Ketika Soeharto berkuasa, Yayat Yatmaka pernah dikejar-kejar. Rezim Orde Baru menganggapnya "seniman nakal".
Pada suatu kali Yayat membuat heboh republik. Dua lukisannya, satu menggambarkan Ibu Tien Soeharto mengenakan bikini dan satu lagi menggambarkan sepatu lars yang menginjak rakyat kecil, dianggap dapat memprovokasi rakyat dan membahayakan penguasa.
Yayat melarikan diri, melalui Singapura ia terbang ke Jerman sebagai pelarian politik.
Kini Yayat ingin kembali. Sebulan lalu, ia menghubungi pihak Taman Ismail Marzuki. Yayat berencana menggelar pameran gambar digital, sebuah genre lukisan yang tengah ditekuninya. Sedianya pameran itu diberi judul "Gambar Sebagai Senjata Rakyat (Berjiwa) Merdeka". Selain pameran dia juga hendak menggelar workshop bagi para pecinta seni gambar digital.
Ketika itu, ujar Yayat dalam pembicaraan dengan
Rakyat Merdeka Online beberapa saat lalu (Rabu, 27/2), pihak TIM mempersilakan dirinya menggelar pameran. Yayat sempat bertanya, apakah konten dari gambar-gambar yang akan dipamerkannya akan jadi persoalan?

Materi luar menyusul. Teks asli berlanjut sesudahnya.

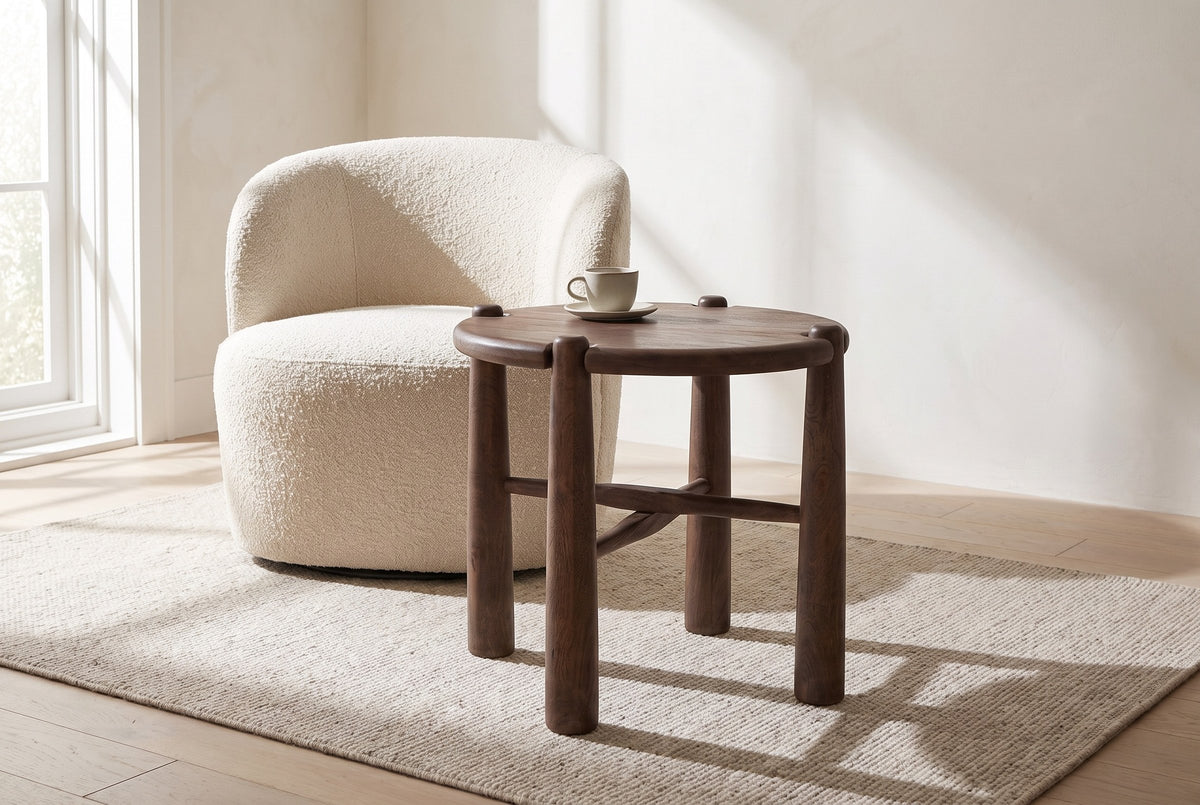 Bettona side table beside a cream boucle armchair in a Toronto living room in morning light, a stoneware cup on top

"Saat itu mereka bilang tidak ada masalah dengan gambar saya. Mereka hanya mengatakan ini soal waktu," ujar Yayat.
Yayat dan pihak TIM di bulan Januari itu sudah menyepakati waktu penyelenggaraan pameran di bulan Mei.
"Ada banyak kejadian yang penting kita peringati di bulan Mei. Hari Pendidikan Nasional, Hari Kebangkitan Nasional, sampai hari pengunduran diri Soeharto. Juga di bulan Mei kita mengenang penculikan aktivis," kata dia lagi.

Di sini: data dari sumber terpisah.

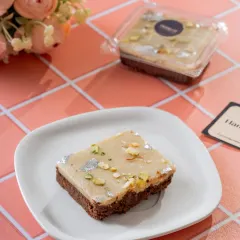 Where tradition meets indulgence. Our Kaju Katli Brownie is the perfect fusion, topping a rich, fudgy brownie with a layer of royal kaju katli, nuts, and silver varq.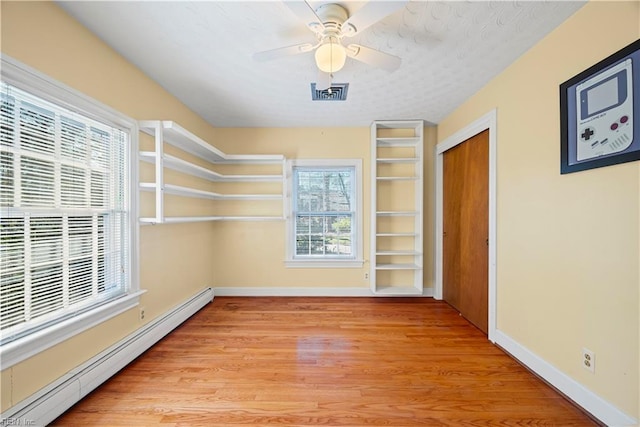 spare room featuring visible vents, light wood-style flooring, baseboards, baseboard heating, and ceiling fan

Tetapi, sambungnya, tanggal 6 Februari lalu Yayat menerima sepucuk surat dari manajemen TIM. Di dalam surat itu, manajemen TIM membatalkan persetujuan mereka.
Alasan TIM menolak pameran Yayat karena gambar-gambar yang akan dipamerkan itu dianggap berlawanan dengan kebijakan umum TIM yang mengedepankan harmoni.
"Saya kira ini alasan yang dibuat-buat. Saya yakin ada kebijakan lain yang anti-kebudayaan di balik pembatalan. Saya tidak menyangka, model Soeharto masih dipraktikan di negeri ini," demikian Yayat.